Stream: Coq users

Topic: Stuck on Seemingly Trivial Lemma


view this post on Zulip Julia Dijkstra (Dec 20 2023 at 05:47):

I am trying to prove the following lemma:

Lemma inner_rev: forall {X: Type} (l: list X) x, x :: l ++ [x] = rev (x :: l ++ [x]) -> l = rev l.

I got stuck on part of this where I needed the following:

Lemma app_tail_inj: forall {X: Type} (l l1 l2: list X), l1 ++ l = l2 ++ l -> l1 = l2.
Proof.
  induction l.
  - intros. repeat rewrite app_nil_r in H. apply H.
  - intros. apply IHl. Abort.

It feels like this should be possible with something like injection, but that doesn't work with how app is defined. Any ideas? I am left with the following proof-state:

X : Type
x : X
l : list X
IHl : forall l1 l2 : list X, l1 ++ l = l2 ++ l -> l1 = l2
l1, l2 : list X
H : l1 ++ x :: l = l2 ++ x :: l

(1 / 1)
l1 ++ l = l2 ++ l

view this post on Zulip Quentin VERMANDE (Dec 20 2023 at 06:58):

x is in the middle of your lists, so it will be difficult to get rid of. The induction on l1 should work, since you will end up with a hypothesis like x :: l1 ++ l = y :: l2 ++ l, which you can work with.

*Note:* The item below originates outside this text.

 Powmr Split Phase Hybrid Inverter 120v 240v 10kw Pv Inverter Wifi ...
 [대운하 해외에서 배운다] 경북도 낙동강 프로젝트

view this post on Zulip Julia Dijkstra (Dec 20 2023 at 08:14):

:/ I seem to have been going in circles for hours now. I can make it depend on other lemmas, but those again run into the same issue of not being able to discriminate append.

view this post on Zulip Quentin VERMANDE (Dec 20 2023 at 08:28):

Did you get stuck when trying to start your proof by an induction on l1 instead of l ?

view this post on Zulip Gaëtan Gilbert (Dec 20 2023 at 08:32):

I got stuck on part of this where I needed the following:

that's List.app_inv_tail, you can look at its proof here https://github.com/coq/coq/blob/36e43a08eadccc544c8550e8e760d2a4ae7efb92/theories/Lists/List.v#L250-L257

view this post on Zulip Gaëtan Gilbert (Dec 20 2023 at 08:34):

there's probably an alternative proof by doing induction l1;destruct l2, then when they don't match (eg in the case where your hypothesis is x :: tl1 ++ l = [] ++ l) using app_length to get the contradiction

view this post on Zulip Julia Dijkstra (Dec 20 2023 at 09:21):

I have reduced it as far as I could and I genuinely am about to give up. I Admitted on this lemma, because honestly it seems like you need to prove the universe for this one problem.

Lemma app_length_trans: forall {X: Type} (l1 l2 l: list X), l1 ++ l = l2 ++ l -> length l1 = length l2.

view this post on Zulip Gaëtan Gilbert (Dec 20 2023 at 09:26):

from l1 ++ l = l2 ++ l you get length (l1 ++ l) = length (l2 ++ l)
then rewrite app_length gets you length l1 + length l = length l2 + length l
then cancellation of nat addition gets you the goal

view this post on Zulip Julia Dijkstra (Dec 20 2023 at 09:26):

(deleted)

view this post on Zulip Dominique Larchey-Wendling (Dec 20 2023 at 18:55):

Trick 1: use List.rev and its properties. Or trick 2: proceed by induction from the tail of the list, aka snoc induction.


Last updated: Jun 23 2024 at 05:02 UTC